當然,有人可以不同意甚至激烈批評這種理解,也可以指出它的各種不足和弱點。但對于這種理解的客觀存在及建立在它之上的概念使用我們無疑是應該明白的。從韓先生的表述可以看出,他對馬克思主義歷史認知范式的理解有所了解,但他將這種范式“拆散”后使用,放棄生產力的維度而僅僅利用生產關系的維度,從而使馬克思的社會形態學說“破碎不堪”,這種破碎的歷史認知范式的利用當然會導致認知結果中的邏輯問題和事實偏差,而且他也沒有對于這種“拆散”進行充分論證。具體說來,如果按照韓先生的理解:“中國古代社會各王朝前期,農民從國家分得土地,既可理解為農民直接受雇于國家;亦可理解為農民都擁有私有土地,是自我雇用,只需要向國家交稅,不受地主、領主或奴隸主剝削。”[10]他認為這種時代“倒是接近新中國土地改革后的社會”,并把這樣的時代叫作“小資產階級社會”或“社會主義社會”。我們說,首先這段話來存在著實事方面的問題,中國古代只有北朝、隋唐等幾個頒布過均田制的國家實行過土地的大規模分配,其他王朝的土地分配雖然也有過,但都不足以在社會經濟制度中占據主導地位,漢宋元明清都是如此。這樣一來,似乎只有北朝和隋唐初年是“社會主義社會”或“小資產階級社會”,到了后來這兩種社會又不見了或說自然過渡到資本主義社會了。這樣,這兩種社會也就沒有多少價值了。因為如果這樣的社會主義社會可以自然而然地過渡到資本主義社會,至少在馬克思的意義上,這種社會主義的歷史意義不大。而且,如果社會主義社會象中國北朝或隋唐社會那樣,建立在當時的生產力水平上,廣大人民過著當時水準的物質生活和精神生活,受著當時的政治統治和壓迫,并最終會導致農民大起義的推翻,這樣的”社會主義”在今天看來恐怕也沒有多少現實意義和未來意義,恐怕也不會成為人們追求的理想了。
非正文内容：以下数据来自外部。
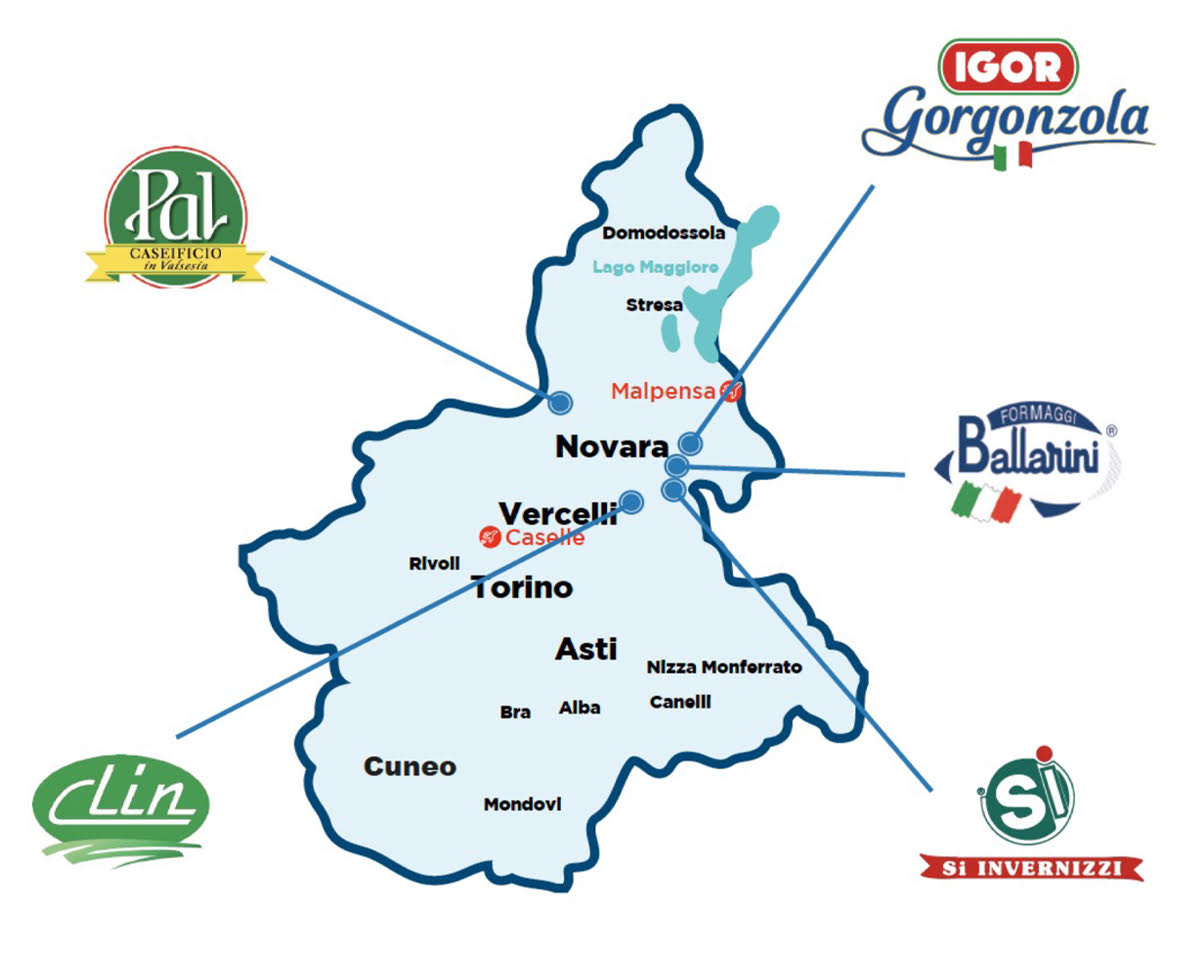 Mappa e siti del Gruppo Igor Gorgonzola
韓先生還說:“在王朝初期,重農抑商政策的確將放慢資本主義社會的到來的步伐,但是,由于市場經濟的兩極分化傾向極其強烈,資本主義社會還是要頑強地到來。從各王朝中期起,以大地主、大商人和大官僚為主體的資產階級成為社會的主導經濟力量,這種力量最終將擺脫政府的調節,將政府權力市場化、資本化,使社會崩潰。”[11]又說:“恰恰是市場經濟的兩極分化機制,導致了資產階級財富的積累和無產階級人數的壯大。與此同時,權力體系也日益失去制約,權力集中到少數謀求短期私利的權臣、宦官或外戚手中。資本的積累與權力的積聚相互推波助瀾,社會財富完全集中到一小撮人手中,社會必然崩潰。”[12]這里韓先生提出了考察中國歷史周期性興亡問題的又一種解釋,即市場經濟導致社會的兩極分化,并使權力資本化,最后導致社會崩潰。不過,這種解釋的經驗理由和邏輯理由似并不充足,或者說,仍有進一步補充和說明的必要。其中,最為關鍵的是中國傳統社會中市場經濟是否這樣發達,足可以造成社會的兩極分化并導致社會崩潰。在我見到的一些材料中,學者們對于中國傳統社會市場經濟功能的估計沒有韓先生這樣“樂觀”,比如方行先生經過各個方面對中國封建社會價值規律作用的探討后得出的結論是:“總之,價值規律對封建社會農民商品生產的促進和調節作用,無疑是不能忽視的。但是,在封建社會的社會生產中,封建租賦和農民自給性產品的生產比重很大,而商品生產的比重很小,價值規律調節社會生產的范圍是很小的,同時,當時的社會經濟條件、自然條件以及小農經濟本身,對價值規律調節生產,促進生產技術改進和農民兩極分化的作用,具有種種限制,使它在這些方面對農民商品生產的作用程度和作用效果,都受到影響,因此,對它在農民生產中的作用也不宜估計過高。”[13]因此,考慮到中國傳統社會政治經濟文化結構的現實情況,過分肯定傳統市場經濟的兩極分化功能是不甚恰當的。那么,到底導致中國傳統社會周期性興亡的原因何在呢?這確是一個極為復雜的問題,我在此只能給出自己的一點感覺。首先,我們似不應過分強調周期性特征,因為這只我們在回觀歷史時形成的一種大致印象,細致考察起來并不甚準確,或說并不具有歷史發展的嚴格必然性。其次,表現出大致周期性的中國王朝興亡是在由秦王朝確定的國家框架內由兩種因素導致的。其一是民族紛爭導致的顛覆,其二下上相爭導致的顛覆。前者可以由各民族文明之間發展的不平衡來解釋,后者的原因相當復雜,我覺得大致可以由秦暉先生提出的大共同體本位的社會結構導致的壓迫和剝奪來進行某種解釋。[14]總之,我認為韓先生以市場經濟造成的兩極分化導致中國傳統社會崩潰的解釋是不太成功的,至少他還需要更為細密的研究和論證才能使之具備一定的解釋力量。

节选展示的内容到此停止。